▶ _EXERCISE MATERIAL_:
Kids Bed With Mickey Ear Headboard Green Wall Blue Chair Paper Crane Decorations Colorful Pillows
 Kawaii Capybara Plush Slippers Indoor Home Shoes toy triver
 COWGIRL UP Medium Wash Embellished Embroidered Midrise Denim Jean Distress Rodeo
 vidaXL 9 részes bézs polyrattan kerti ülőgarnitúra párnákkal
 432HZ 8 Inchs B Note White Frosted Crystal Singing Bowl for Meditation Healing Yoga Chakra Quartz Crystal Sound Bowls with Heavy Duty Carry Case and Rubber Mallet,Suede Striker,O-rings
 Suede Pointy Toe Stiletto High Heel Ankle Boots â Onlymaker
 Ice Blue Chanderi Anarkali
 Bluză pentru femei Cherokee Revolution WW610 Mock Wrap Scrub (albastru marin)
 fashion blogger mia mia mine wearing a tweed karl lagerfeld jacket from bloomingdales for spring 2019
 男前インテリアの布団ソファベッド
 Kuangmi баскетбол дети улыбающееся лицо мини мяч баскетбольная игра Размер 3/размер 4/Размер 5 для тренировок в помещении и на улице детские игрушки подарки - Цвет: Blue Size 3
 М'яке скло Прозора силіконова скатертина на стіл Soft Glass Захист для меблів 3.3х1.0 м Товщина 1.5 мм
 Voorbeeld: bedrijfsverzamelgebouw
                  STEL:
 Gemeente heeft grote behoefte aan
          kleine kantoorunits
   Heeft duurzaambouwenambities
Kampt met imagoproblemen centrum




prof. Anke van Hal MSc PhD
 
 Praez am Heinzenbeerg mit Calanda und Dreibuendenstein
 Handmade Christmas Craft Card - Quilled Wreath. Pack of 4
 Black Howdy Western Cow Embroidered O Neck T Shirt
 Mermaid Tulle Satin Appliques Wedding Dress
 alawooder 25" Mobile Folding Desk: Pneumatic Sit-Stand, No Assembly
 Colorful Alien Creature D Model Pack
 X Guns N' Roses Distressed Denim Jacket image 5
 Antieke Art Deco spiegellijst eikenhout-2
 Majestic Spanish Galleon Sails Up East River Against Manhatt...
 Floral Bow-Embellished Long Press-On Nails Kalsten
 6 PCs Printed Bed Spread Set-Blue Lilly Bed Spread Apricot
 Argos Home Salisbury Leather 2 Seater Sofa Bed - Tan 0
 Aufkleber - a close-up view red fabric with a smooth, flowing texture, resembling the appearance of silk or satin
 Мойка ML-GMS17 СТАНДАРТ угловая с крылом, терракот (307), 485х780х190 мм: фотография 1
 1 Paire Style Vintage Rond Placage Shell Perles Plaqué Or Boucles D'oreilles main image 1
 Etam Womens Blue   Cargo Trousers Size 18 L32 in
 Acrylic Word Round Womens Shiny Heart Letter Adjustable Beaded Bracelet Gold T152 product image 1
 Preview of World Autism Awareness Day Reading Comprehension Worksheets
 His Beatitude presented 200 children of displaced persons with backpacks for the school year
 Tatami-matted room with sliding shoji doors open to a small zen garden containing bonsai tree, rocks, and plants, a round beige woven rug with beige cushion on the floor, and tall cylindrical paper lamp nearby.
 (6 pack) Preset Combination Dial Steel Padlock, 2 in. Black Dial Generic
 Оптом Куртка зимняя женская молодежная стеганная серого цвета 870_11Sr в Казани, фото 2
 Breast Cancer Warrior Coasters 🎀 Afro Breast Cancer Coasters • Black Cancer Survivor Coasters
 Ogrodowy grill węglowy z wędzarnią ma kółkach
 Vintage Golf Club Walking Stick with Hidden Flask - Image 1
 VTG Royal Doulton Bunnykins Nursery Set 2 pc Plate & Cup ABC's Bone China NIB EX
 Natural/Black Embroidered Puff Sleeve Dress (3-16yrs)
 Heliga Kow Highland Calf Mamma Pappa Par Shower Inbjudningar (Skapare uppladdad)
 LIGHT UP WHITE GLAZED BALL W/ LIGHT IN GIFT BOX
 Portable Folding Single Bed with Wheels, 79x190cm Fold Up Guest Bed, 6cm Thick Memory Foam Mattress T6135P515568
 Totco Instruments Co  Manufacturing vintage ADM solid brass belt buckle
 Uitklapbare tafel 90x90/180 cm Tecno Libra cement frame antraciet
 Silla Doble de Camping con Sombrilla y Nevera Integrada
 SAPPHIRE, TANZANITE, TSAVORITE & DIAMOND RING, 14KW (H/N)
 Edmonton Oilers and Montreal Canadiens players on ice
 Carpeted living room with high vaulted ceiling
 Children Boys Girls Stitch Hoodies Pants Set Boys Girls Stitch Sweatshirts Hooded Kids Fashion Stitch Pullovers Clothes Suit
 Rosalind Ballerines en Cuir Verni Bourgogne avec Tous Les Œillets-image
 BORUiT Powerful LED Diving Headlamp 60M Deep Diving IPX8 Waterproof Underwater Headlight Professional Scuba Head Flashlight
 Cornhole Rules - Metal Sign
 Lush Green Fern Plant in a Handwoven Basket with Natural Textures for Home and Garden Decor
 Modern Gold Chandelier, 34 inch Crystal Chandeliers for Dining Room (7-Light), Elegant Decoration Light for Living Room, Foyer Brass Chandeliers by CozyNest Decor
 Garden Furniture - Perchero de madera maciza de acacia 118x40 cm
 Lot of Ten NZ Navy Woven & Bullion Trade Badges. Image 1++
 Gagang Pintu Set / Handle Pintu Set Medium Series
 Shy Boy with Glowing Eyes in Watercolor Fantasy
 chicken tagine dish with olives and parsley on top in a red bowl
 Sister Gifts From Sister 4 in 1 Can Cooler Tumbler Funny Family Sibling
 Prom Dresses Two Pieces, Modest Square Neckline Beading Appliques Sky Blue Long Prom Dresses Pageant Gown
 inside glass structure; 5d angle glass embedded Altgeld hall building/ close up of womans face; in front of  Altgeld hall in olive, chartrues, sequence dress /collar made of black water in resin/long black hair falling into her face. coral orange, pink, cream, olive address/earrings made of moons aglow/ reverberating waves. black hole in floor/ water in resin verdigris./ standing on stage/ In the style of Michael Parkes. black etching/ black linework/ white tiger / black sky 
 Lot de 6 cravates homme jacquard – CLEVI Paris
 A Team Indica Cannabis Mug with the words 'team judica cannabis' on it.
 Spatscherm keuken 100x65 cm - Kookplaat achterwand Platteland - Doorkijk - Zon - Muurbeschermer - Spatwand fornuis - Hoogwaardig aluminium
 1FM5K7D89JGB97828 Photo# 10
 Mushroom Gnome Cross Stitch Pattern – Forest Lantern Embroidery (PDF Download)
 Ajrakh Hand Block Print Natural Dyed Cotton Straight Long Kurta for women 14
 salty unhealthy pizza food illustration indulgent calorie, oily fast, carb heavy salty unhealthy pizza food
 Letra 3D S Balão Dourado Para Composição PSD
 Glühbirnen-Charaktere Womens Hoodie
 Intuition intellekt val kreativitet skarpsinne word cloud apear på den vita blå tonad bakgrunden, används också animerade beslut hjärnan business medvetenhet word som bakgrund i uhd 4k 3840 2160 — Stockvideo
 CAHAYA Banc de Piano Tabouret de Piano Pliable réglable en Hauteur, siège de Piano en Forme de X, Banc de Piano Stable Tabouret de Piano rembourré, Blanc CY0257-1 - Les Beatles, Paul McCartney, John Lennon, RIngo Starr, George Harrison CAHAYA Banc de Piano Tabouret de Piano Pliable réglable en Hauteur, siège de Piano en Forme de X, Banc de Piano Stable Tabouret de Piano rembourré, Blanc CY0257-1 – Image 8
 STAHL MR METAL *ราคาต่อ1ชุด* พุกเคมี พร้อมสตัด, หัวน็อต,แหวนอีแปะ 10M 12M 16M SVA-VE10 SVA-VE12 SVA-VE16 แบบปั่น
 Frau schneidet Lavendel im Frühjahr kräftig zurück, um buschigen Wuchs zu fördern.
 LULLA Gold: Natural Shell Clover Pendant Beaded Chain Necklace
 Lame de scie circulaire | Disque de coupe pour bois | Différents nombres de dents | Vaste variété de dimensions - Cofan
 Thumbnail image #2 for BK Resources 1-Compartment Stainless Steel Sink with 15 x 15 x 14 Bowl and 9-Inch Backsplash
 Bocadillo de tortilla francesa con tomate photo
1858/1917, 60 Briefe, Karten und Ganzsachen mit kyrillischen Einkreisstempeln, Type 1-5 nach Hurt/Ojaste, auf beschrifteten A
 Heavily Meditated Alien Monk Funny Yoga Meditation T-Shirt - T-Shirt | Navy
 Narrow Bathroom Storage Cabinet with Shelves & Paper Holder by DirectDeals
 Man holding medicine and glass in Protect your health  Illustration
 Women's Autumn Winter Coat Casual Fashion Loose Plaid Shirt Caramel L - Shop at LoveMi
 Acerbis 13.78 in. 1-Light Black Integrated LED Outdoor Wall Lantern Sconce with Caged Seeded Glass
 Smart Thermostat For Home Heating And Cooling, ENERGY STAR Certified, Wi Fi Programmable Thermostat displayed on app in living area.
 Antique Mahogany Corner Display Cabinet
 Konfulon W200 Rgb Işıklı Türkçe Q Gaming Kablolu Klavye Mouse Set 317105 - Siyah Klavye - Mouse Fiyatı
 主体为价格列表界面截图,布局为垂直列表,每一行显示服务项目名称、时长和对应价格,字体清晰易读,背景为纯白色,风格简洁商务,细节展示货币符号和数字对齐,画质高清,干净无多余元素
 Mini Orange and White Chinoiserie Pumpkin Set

▶ _INSTRUCTIONS FOR THE TASK_: Your task is to restate, word for word, the lines from the beginning of the records to the line with "Kuangmi баскетбол дети", inclusive.

▶ _EXPECTED ANSWER_:
Kids Bed With Mickey Ear Headboard Green Wall Blue Chair Paper Crane Decorations Colorful Pillows
 Kawaii Capybara Plush Slippers Indoor Home Shoes toy triver
 COWGIRL UP Medium Wash Embellished Embroidered Midrise Denim Jean Distress Rodeo
 vidaXL 9 részes bézs polyrattan kerti ülőgarnitúra párnákkal
 432HZ 8 Inchs B Note White Frosted Crystal Singing Bowl for Meditation Healing Yoga Chakra Quartz Crystal Sound Bowls with Heavy Duty Carry Case and Rubber Mallet,Suede Striker,O-rings
 Suede Pointy Toe Stiletto High Heel Ankle Boots â Onlymaker
 Ice Blue Chanderi Anarkali
 Bluză pentru femei Cherokee Revolution WW610 Mock Wrap Scrub (albastru marin)
 fashion blogger mia mia mine wearing a tweed karl lagerfeld jacket from bloomingdales for spring 2019
 男前インテリアの布団ソファベッド
 Kuangmi баскетбол дети улыбающееся лицо мини мяч баскетбольная игра Размер 3/размер 4/Размер 5 для тренировок в помещении и на улице детские игрушки подарки - Цвет: Blue Size 3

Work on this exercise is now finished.